Das Grundprinzip ist also, dass im Programm Serial in den Empfangspuffer von COM3Data geschrieben wird und in Main dann aus diesem Puffer gelesen wird, wobei innerhalb von Main ein eigener Index geführt wird, der auf das letzte verarbeitete Byte im Empfangspuffer verweist. Selbst wenn nun Main durch Serial unterbrochen wird ist das kein Problem, bei der Fortsetzung von Main wird dann die WHILE-Schleife einfach länger ausgeführt oder wenn es sich ganz blöd überschneidet dann halt erst im nächsten Zyklus weitergemacht.
Beim Senden ist es ähnlich, hier schreibt Main in den Sendepuffer von COM3Data der dann von Serial an den Baustein SERIAL_INTERFACE weitergereicht wird. Wurde alles versendet, wird das SendActive-Flag durch SERIAL_INTERFACE zurückgesetzt und erst dann wird von Main wieder in den Sendepuffer geschrieben.
Nach meinem Verständis dürfte es da eigentlich kein Problem geben, aber ich möchte natürlich nicht ausschließen, dass ich da etwas übersehe, denn ich komme nicht aus der SPS Welt sondern bin eigentlich in der .NET Welt unterwegs.




KLM schrieb:


> Der COM FB liefert Dir doch ein Signal, wann eine vollständige Nachricht  eingegangen ist und der Puffer ist groß genug diese zu halten


Das ist ein Missverständis, denn dafür müsste er das genau Protokoll kennen, sprich auf ISO/OSI Layer 7 arbeiten. Dieser Baustein von Wago arbeitet aber nur ganz Low-Level und abstrahiert soeben den direkten Umgang mit den Registern der Klemmen. Er schreibt empfangene Daten stumpf in einen Puffer und sendet Daten genauso stumpf aus einem Puffer. Das neue Daten empfangen wurden signalisiert auch nicht ein Flag sondern ist nur indirekt über den geänderten Index zu erfahren. Der Baustein arbeitet also eher auf ISO/OSI Layer 2.


Hast du vielleicht noch weitere Ideen, was ich ausprobieren oder im Code umstellen könnte? Ich bin dankbar für jede Hilfe! 
Vielleicht nutzt der Wago Baustein die zur Verfügung stehenden Bytes im Prozessabbild nicht vollständig aus bei Verwendung der 750-652? 

Viele Grüße,


P.S.: Nun scheinen Umlaute und Co. auch wieder zu funktionieren, keine Ahnung was da los war.


----------



## PN/DP (20 Oktober 2020)

Das mit den verhuntzten Umlauten ist ein schon laaange vorhandenes Verhalten des Forums, wenn man während Beitrag schreiben durch Timeout ausgeloggt wird und wieder einloggen muß. Workaround: beim Anmelden den Haken "Angemeldet bleiben" aktivieren, oder: den fertigen Beitrag komplett markieren (Strg+A), in die Zwischenablage kopieren (Strg+C), auf Vorschau gehen, wieder anmelden, den kaputten Text komplett löschen und aus der Zwischenablage wieder einfügen (Strg+V).

Harald


----------



## ClMak (20 Oktober 2020)

Hallo,

welche zeitlichen Anforderungen stellt das von dir verwendete Protokoll?
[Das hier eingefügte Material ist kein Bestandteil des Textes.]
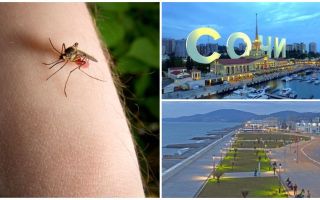 ¿Hay mosquitos en Sochi y Adler?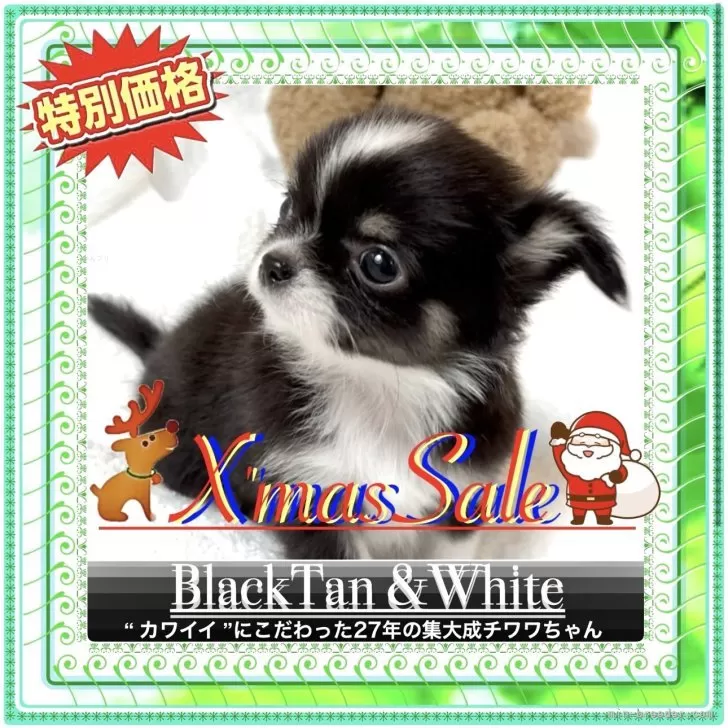 チワワ(ロング)【大阪府・男の子・2025年9月28日・トライカラー(黒/白/オレンジ3色🌟)】の写真1「クリスマス🎄セールです٩(๑❛ᴗ❛๑)۶ぜひ、このチャンスにワンちゃんをお迎えくださいませ♪」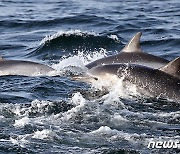 '우영우 신드롬'에 장생포 고래문화특구 하루 방문객 기록 경신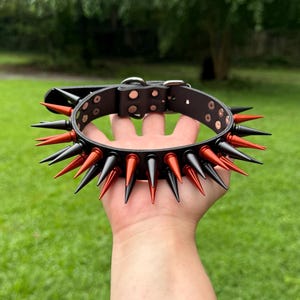 May include: Black leather collar featuring alternating red and black spikes. The collar has a buckle fastening and metal hardware. The spikes are evenly spaced around the collar. The background is a blurred green lawn and trees.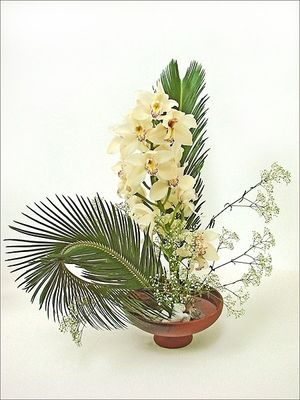 Image chosen by user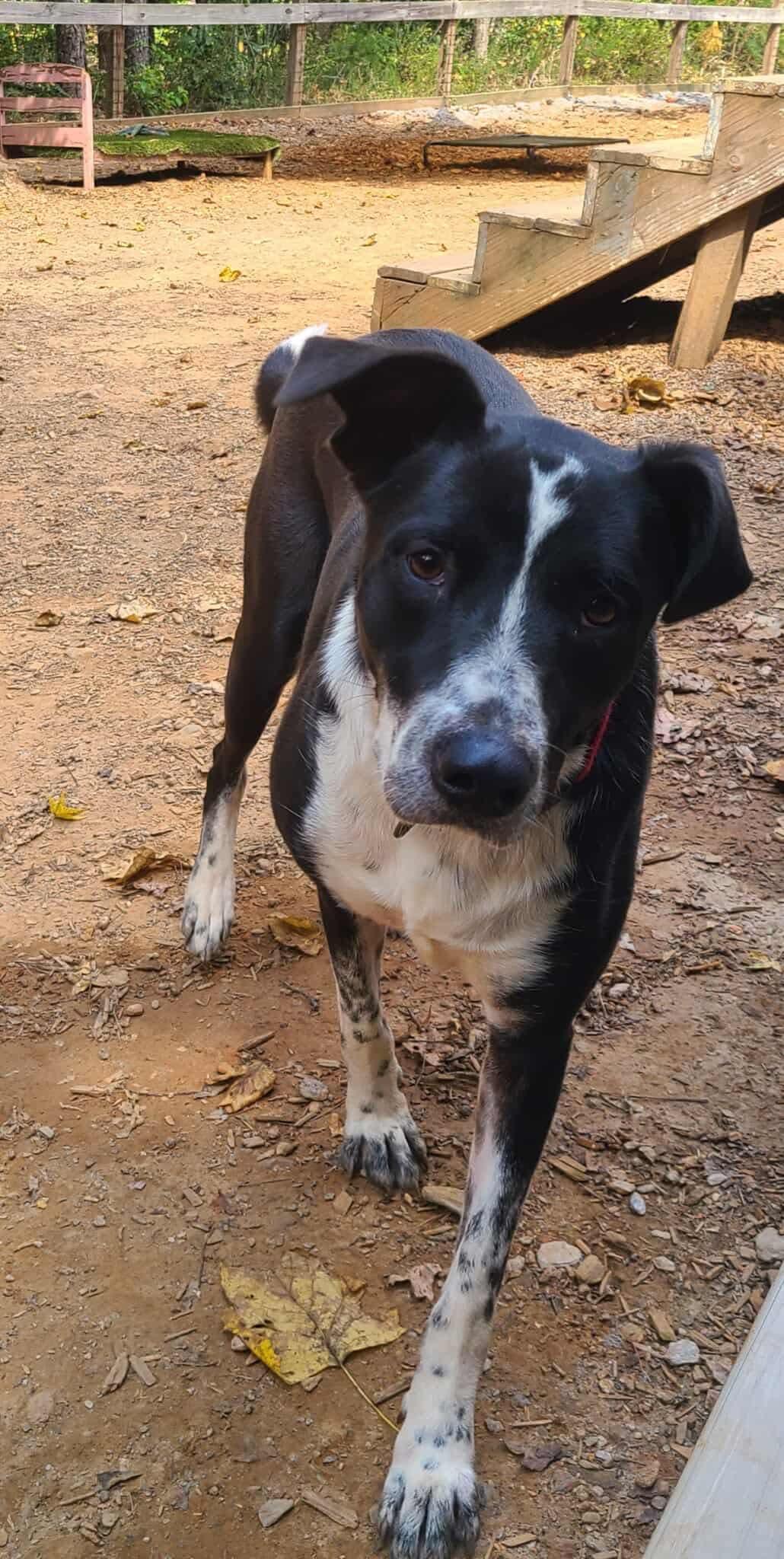 Enlarge Stevie, a Adoptable mixed breed in Roanoke, AL image 2/6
Wie schnell müssen Antworten gesendet werden und wie groß dürfen Lücken im Frame des Telegramms sein?
Wie lang sind die zu sendenden Telegramme. Hast du den Eingang "cfFLOW_CONTROL" des COM Baustein auf den Wert HALFDUPLEX (=4) initialisiert?

Ich würde das Programm und der COM Baustein in einer Task aufrufen und nicht in zwei getrennten (hast du ja aber schon ausprobiert...)

VG
ClMak


----------



## KLM (20 Oktober 2020)

Moin,
da habe ich mich geirrt. Der Task, denn man in CS2.3 nicht konfigurieren kann aber im PLC-Browser sieht ist der Task für die Visu, nicht der für den KBus. Den kannst Du nicht einsehen auf einem 88x Controller.
Dein Test bezog sich noch immer auf zwei Tasks? Oder lief der COM FB nur in einem anderen Programm, aber sequenziell zum Protokoll Programm?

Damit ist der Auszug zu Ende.